Философия йоги учит, что то, что мы делаем – это раскрытие, чистка, гуруджи повторял снова и снова, если вы обращали внимание: «Это не физическая практика, это ментальная очистка». Он говорит об очищении каналов нади, очищении путей, по которым движется энергия. Я действительно это чувствую, – может быть, в этом нет специфики аштанга-йоги, может, любая практика йоги имеет способность очищать каналы, – но метод гуруджи делает это так методично, так систематично, с последовательностью, установленной для нас, и не полагается на то, что вы просто делаете асаны, которые хотите. Я думаю, это очень трудно. Сложно не скатиться в восприятие практики как делания того, что вам хочется или что хочется делать вашему учителю в этот момент времени.
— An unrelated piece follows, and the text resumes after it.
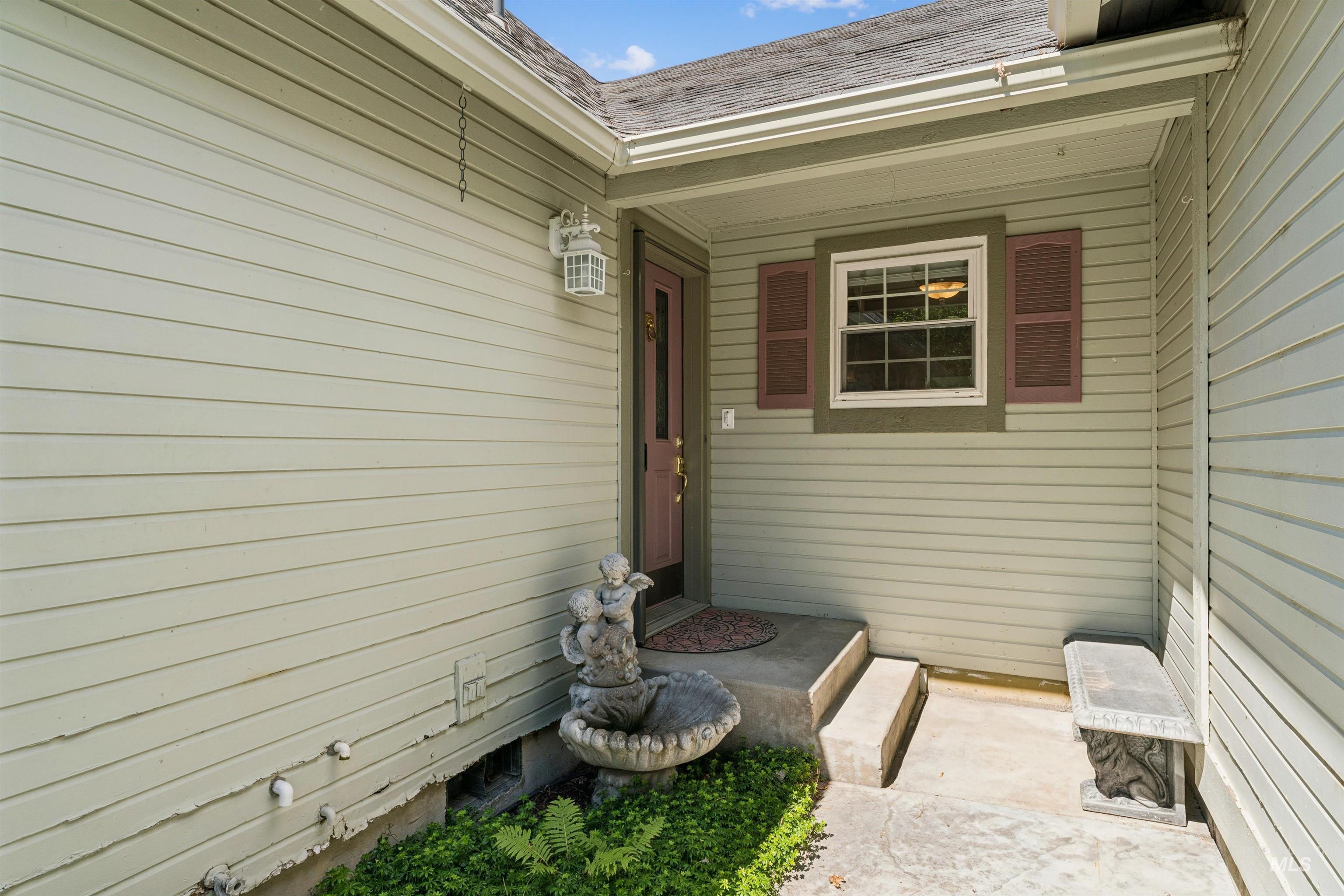Covered entry with concrete steps and landing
Трудно не скатиться в делание того, что вы предпочитаете, и неделание того, что вам не нравятся. У вас есть установленная последовательность, и, нравится вам или нет, вам нужно сделать Навасану и Маричасану Д, Джану Ширшасану С и Супта Курмасану. Есть что-то в противопоставлении себя тому, что вызывает у вас сложности, с которыми в нормальной жизни вы бы, я думаю, не встретились.
Я помню, как наблюдал за первым классом, я видел такие асаны, как Джану Ширшасана С – в тот момент я клялся, что я никогда не смогу сделать эту позу. Она выглядела просто невозможной для меня. Куккутасана – я был буквально убежден, что никогда в этой жизни я не сделаю эту позу, и через несколько недель я начал делать ее. Это прекрасная возможность для человека, чтобы понять, что то, что мы для себя устанавливаем в качестве крайних пределов, – только в нашем уме, и нам надо быть осторожными с ограничениями, которые мы навязываем себе. Это удивительно, как это распространено в нашем обществе.
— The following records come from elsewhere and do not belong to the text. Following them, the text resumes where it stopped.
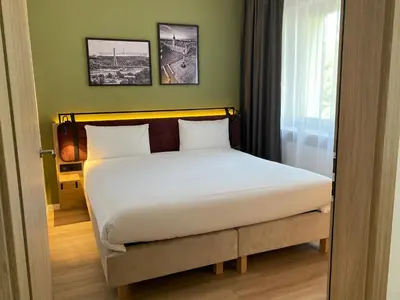 Łóżko lub łóżka w pokoju w obiekcie Campanile Warszawa Północ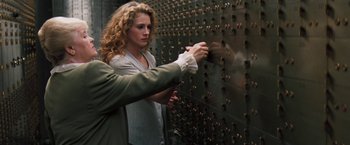 Movie still from “The Pelican Brief” (1993), directed by Alan J. Pakula – A woman and a man working together on a wall; Medium shot, Low angle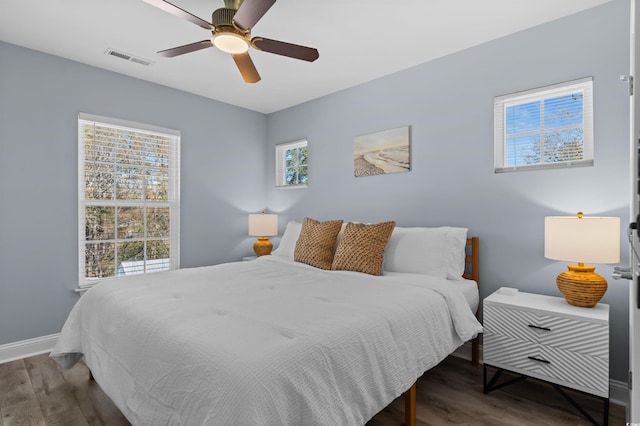 bedroom with baseboards, visible vents, wood finished floors, and ceiling fan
— Как вы думаете, насколько помощь гуруджи мотивировала справляться с этими предубеждениями о наших ограничениях?
— Гуруджи невероятен, он удивителен в том, как он помогает людям выходить за рамки того, где, как они считают, находятся их пределы. Это немного страшно иногда. Я видел признаки паники и полного ужаса на лицах людей, а также огромные прорывы. Будучи учителем, я учу тринадцать лет, наблюдать за гуруджи потрясающе. Я не чувствую себя настолько уверенно, чтобы делать то же самое, что он делает. У него шестидесятилетний опыт преподавания – он видел много тел, он провел много тел через эту практику – и я чувствую, что мне приходится быть гораздо более консервативным. Я видел, как он скручивает людей в полный лотос и в Гарбха Пиндасану, Куккутасану, когда я бы никогда не подумал, что это возможно. И то, что это дает им, – это невероятно, вы можете взять это и от этого строить дисциплину и любовь к практике, которая приходит благодаря чувству выполненного долга. Это интересно.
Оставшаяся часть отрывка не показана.